M.P.: Les besoins en eau sont-ils importants?
M. Fréquin: Ils sont énormes… heureusement, j'ai un puits! Pendant plus de 20 ans, c'est mon épouse qui traînait un tuyau de 100 mètres et arrosait un fraisier à la fois pour éviter la pourriture… Quand elle arrivait au bout, il fallait recommencer au début… maintenant, l'arrosage se fait par des tuyaux perforés, placés sous le plastique noir de la plantation. Ces tuyaux sont raccordés par une rampe à l'un de mes 3 gros tonneaux sur roues. Il faut une journée pour arroser une serre, par gravité… Cela doit être fait tous les 8-10 jours.

M.P.:Qu'y a-t-il dans ces boîtes en carton, au milieu des serres?
M. Fréquin: Ce sont des ruchettes qui contiennent une centaine de bourdons. Ces bourdons, qui volent dès qu'il y a 3 à 4° de température, permettent une bonne fécondation des premières fleurs en mars, pour obtenir de belles grosses fraises. Les abeilles prennent le relais naturellement, un mois plus tard, car elles attendent une température d'au moins 12° pour sortir…

M.P.: Comment se succèdent tes travaux, tout au long de l'année?
M. Fréquin:
- Vers le 15 février, montage de la bâche plastique sur les arceaux des serres.
- Aération des serres en fonction du temps. (Ouvrir les portes et écarter les ouvertures le matin et les refermer le soir)
- A partir d'avril, aération tous les jours
- Par menace de gel, déploiement de voile d'Acryl dans les serres et en pleine terre (à mettre le soir et enlever le matin).
N.B. Jusqu'en 1995, on protégeait du gel en ramenant la paille sur les fraisiers le soir.
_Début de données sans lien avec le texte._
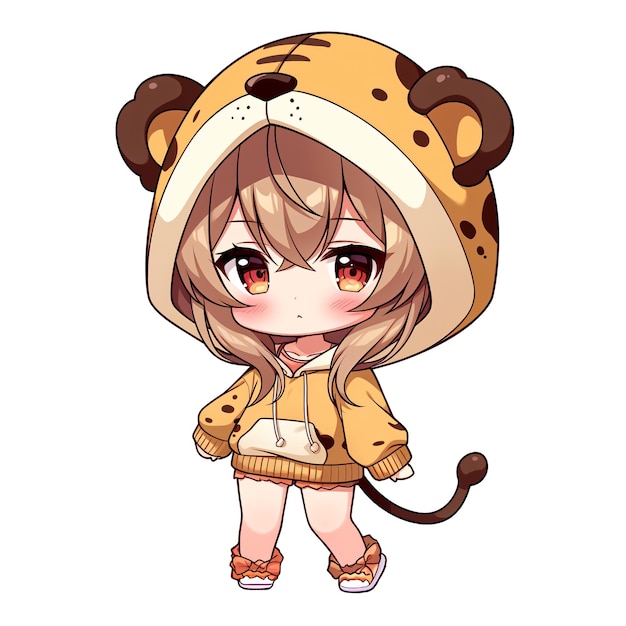 PSD ragazza carina chibi che indossa una felpa con cappuccio tiger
Le lendemain matin, on dégageait la paille pour permettre la fécondation des fleurs… c'était fastidieux! Certaines années, on utilise des canons à chaleur dans les serres, pour que la température ne descende pas sous +3°
- De mai à septembre: cueillette et vente
- En juillet, prélèvement des stolons, et mise en pépinière pour obtenir de belles racines en 3 semaines
- Arrachage des fraisiers dans les serres et démontage des bâches plastiques
- Début août, période optimale pour les plantations; par temps sec, arrosage journalier (en soirée ou la nuit) jusqu'à la reprise des plants. (L'an dernier, j'ai dû remplacer 4000 des 7000 plants, brûlés par la canicule)
- Septembre, on replante à 20x20cm, les plants destinés au frigo (tardifs et 4 saisons)
- En décembre, placement des tuyaux perforés dans les serres et les petits tunnels
- Bêchage d'un sillon autour des serres (600m au total), pour y enterrer les bords de bâche plastique en février
- Après le premier gel, préparation des plants frigo (arrachage, couper les feuilles et laisser 1cm de cœur, laver les racines et mettre en sacs plastiques). Je conduis ces plants chez un camarade à Saint-Trond, où ils sont plantés en mai et produisent 10 semaines plus tard. Cette technique permet de retarder d'un mois la mise à fruits.
- Excepté pendant une courte période hivernale, il faut régulièrement désherber les serres et les cultures, à la main, je n'emploie pas d'herbicide…

Malonne Première félicite Michel et Jeanine Fréquin pour leur contribution à la renommée de la Fraise de Malonne.
Nous remercions Michel pour son témoignage fort intéressant sur le patrimoine de notre terroir, et lui souhaitons bon rétablissement après la grave opération qu'il a subie dernièrement.